OK, a couple of parts on it might not be out of place on a $1300 fs-bike, but some of it simply wouldnt add up at that price (the frame included).


----------



## Starkonian (Dec 31, 2007)

EnglishT said:


> Even if you only have $700 to spend, and want fullsus (hardtail is a much better option new at this pricepoint), I wouldnt suggest picking that one.
> 
> The best advice to someone wanting fullsus at that pricepoint is EITHER:
> <> Closeout - a couple of hundred more (which is what can often be knocked off) and youre into much better bikes. The YukonFX is one in particular that comes to mind as a good choice on a budget to begin withn (and is actually a pretty good bike, for the money unbelievable), on closeout you should be able to get it around 700.
> ...


You completely ignored the price point example I gave. Your not alone, I've seen this time after time. Someone asks, "I have $xxx to spend what do you think.......?" Then the poster gets 20 replies saying "that bike stinks so I suggest you spend $200 more and get this _____." Now the example you gave is sort of in the ball park but costs more as well not to mention some of the compenents appear to be lesser quality than the 700. The person that fits in the price point example I gave usually had a budget of $300/$400 and they stretched it just to get to the $500 range. BTW the 700 sells for $599, not $700, and you can find a little cheaper on ebay.
I doubt any of these posters who depict the 700's pivot suspension as an un-ridable bobbing nightmare have never ridden one with a decent fork and decent shock with adjustable floodgate. They've either ridden one stock or are thinking back 10 years to something they had with much poorer suspension pieces. I'm not saying it is as efficient as a higher priced design but to be protrayed like they do it is crap. I've ridden the bike for 16 months now and it's simply not true. Now, If you are accustomed to riding a high end, more expensive bike, of course it's not going to feel the same but that's not who proper target consumer is. As I outlined above, if you fall into that price point catagory, this is good option particularly if you don't plan on spending a lot more money in the near fiture but can scrape together a few hundred $'s to upgrade the suspension over the course of a year or so. For the $'s I spent I have a plush, no bob, 3.5" travel in the rear and 130mm fork that I thoroughly enjoy and I think others would too if they fit in this segment and follow the same upgrade path I did.
Regarding your comment on on Bikedirects claim to comparable bike prices, that's irrelevant to me and I could care care less.


----------



## Starkonian (Dec 31, 2007)

Rufudufus said:


> That suspension is actually known as a Unified Rear Triangle I owned a Trek Y-bike with URT, and it was fun but there's a reason that design is now used only on their cheapest FS bikes. Not saying it sucks, but it's a 14-year-old design and suspension has come a long way since then. Don't take my word for it, google "URT pedal bob"
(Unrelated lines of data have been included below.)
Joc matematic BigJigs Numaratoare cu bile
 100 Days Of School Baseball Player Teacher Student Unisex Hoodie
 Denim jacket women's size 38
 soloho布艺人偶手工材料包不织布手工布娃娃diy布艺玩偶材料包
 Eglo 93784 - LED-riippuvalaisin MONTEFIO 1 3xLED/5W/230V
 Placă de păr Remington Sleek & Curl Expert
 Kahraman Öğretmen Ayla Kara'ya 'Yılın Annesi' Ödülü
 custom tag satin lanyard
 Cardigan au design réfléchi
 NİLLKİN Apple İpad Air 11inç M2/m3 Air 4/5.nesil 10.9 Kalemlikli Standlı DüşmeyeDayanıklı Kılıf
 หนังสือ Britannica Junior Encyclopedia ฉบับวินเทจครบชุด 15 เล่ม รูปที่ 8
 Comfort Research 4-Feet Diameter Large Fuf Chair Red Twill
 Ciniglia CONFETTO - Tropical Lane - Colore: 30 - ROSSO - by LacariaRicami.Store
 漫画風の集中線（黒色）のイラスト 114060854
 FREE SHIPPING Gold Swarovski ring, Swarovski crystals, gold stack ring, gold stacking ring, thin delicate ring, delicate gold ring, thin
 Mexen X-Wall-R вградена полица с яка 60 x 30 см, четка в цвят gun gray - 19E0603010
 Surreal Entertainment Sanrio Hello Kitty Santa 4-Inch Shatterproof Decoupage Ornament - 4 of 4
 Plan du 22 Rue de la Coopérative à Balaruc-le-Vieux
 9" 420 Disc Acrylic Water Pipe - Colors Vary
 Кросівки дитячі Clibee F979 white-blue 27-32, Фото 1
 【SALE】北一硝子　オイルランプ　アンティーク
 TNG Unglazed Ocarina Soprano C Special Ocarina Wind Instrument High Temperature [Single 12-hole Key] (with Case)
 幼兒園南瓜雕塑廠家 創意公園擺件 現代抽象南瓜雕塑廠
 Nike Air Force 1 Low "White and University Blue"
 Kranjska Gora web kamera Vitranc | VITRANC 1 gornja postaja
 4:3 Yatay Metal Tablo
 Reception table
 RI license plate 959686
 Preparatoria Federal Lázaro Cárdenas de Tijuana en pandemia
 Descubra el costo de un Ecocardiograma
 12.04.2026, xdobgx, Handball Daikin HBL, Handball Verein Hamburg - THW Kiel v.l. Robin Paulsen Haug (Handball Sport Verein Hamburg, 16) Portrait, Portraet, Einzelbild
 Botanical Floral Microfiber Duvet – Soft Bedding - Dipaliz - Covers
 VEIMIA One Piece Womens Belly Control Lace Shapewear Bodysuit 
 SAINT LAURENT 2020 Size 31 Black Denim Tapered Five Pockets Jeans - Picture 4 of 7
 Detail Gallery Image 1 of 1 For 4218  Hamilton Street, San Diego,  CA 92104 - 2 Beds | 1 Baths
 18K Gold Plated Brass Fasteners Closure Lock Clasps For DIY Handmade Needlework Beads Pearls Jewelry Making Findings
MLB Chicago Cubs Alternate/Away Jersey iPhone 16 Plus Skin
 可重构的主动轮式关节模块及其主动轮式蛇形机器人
By the way, you are wong. The 700 DS does not have a URT suspension. Here is the definition of a URT suspension,

"The "Unified Rear Triangle" or "URT" for short, keeps the bottom bracket and rear axle directly connected at all times. The pivot is placed between the rear triangle and the front triangle so that the rear axle and bottom bracket move as one piece, and the saddle and handlebars move as another piece."

The 700 DS has a BB that is connected to the front triangle and moves seperately from the rear triangle. When a rider on a URT suspension stands on the pedals he kills the rear suspension movement. The 700 DS suspension remains active in that situation and so is far superior over a URT suspension.


----------



## vrb747 (Apr 17, 2009)

Got a 700DS thats 2 years old.....just about to buy one for my cousin. I ride 2-3 times a week and absolutely LOVE this bike. Just went shopping with the component list from the 700DS. Tried Giant, GT, Cannodale, Jamis, Haro, Specialized and God only knows what else, with similar specs, every one of them was 200-500 bucks more. You cannot beat this bike when it comes to bang for buck.

Ignore the naysayers, my buddies went green with envy after riding my bike, they cannot believe that I bought this bike for less than 6 bills. These are guys that ride 1500-2000$ bikes.

Granted, the rear shock is not upto snuff, but there are solutions that can improve this. If you are just starting, this is a GREAT bike with many quality components. You can always buy a nicer frame and swap out many of the components. Save your money for when you figure out what you really want. 2 years and 1500 miles later ......still going strong.

Another manufacturer with good bang for the buck is Ibex. Know a few guys who are very satisfied with them.

cheers.


----------



## belowambient (May 17, 2008)

oh great... another motobecane thread :madman:


----------



## Starkonian (Dec 31, 2007)

belowambient said:


> oh great... another motobecane thread :madman:


Oh great, Homer Simpson,...with a beard, doh. Get a life Homer.


----------



## Jerk_Chicken (Oct 13, 2005)

belowambient said:


> oh great... another motobecane thread :madman:


Yeah, and first post, too.


----------



## Starkonian (Dec 31, 2007)

vrb747 said:


> Got a 700DS thats 2 years old.....just about to buy one for my cousin. I ride 2-3 times a week and absolutely LOVE this bike. Just went shopping with the component list from the 700DS. Tried Giant, GT, Cannodale, Jamis, Haro, Specialized and God only knows what else, with similar specs, every one of them was 200-500 bucks more. You cannot beat this bike when it comes to bang for buck.
> 
> Ignore the naysayers, my buddies went green with envy after riding my bike, they cannot believe that I bought this bike for less than 6 bills. These are guys that ride 1500-2000$ bikes.
> 
> ...


Homer here reminded me of a something that happened to me just yesterday I thought I'd pass along.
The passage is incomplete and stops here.